Entries taken from a collection:

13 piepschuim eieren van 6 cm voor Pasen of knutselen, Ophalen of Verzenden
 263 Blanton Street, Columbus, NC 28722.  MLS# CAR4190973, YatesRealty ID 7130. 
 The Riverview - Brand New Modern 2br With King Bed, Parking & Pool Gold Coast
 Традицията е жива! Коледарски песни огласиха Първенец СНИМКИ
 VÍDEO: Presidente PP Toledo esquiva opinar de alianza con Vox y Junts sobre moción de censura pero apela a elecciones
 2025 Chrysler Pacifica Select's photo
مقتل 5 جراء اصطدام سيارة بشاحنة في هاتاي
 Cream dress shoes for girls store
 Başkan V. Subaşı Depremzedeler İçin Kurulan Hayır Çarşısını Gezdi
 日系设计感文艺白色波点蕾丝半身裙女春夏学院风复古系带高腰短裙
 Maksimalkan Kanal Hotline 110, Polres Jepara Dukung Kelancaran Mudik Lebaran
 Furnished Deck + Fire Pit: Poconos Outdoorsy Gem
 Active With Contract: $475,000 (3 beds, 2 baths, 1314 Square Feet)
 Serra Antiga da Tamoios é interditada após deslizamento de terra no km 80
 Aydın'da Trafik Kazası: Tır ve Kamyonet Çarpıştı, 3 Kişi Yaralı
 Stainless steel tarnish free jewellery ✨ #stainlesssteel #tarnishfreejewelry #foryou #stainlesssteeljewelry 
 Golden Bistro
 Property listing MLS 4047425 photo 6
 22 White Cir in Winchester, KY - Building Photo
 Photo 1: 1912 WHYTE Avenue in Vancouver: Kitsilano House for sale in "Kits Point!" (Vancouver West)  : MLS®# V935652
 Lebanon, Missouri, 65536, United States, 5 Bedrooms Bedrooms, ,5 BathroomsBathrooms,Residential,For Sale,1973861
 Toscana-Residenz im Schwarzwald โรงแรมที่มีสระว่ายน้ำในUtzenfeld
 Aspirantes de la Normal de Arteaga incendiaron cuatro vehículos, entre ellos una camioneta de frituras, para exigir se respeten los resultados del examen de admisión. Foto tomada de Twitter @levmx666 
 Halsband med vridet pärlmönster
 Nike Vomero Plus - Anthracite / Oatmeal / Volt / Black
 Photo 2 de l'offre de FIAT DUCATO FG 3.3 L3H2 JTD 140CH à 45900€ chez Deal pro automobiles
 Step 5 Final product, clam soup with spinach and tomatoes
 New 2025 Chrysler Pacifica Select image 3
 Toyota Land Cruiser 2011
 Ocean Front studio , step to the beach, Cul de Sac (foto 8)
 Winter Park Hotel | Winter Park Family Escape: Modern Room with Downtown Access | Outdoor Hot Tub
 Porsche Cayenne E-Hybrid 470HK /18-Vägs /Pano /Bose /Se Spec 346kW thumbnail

● **Exercise goal**
The lines above that hold the word "Modern" should be found and copied out.

● **Written solution**
 The Riverview - Brand New Modern 2br With King Bed, Parking & Pool Gold Coast
 Winter Park Hotel | Winter Park Family Escape: Modern Room with Downtown Access | Outdoor Hot Tub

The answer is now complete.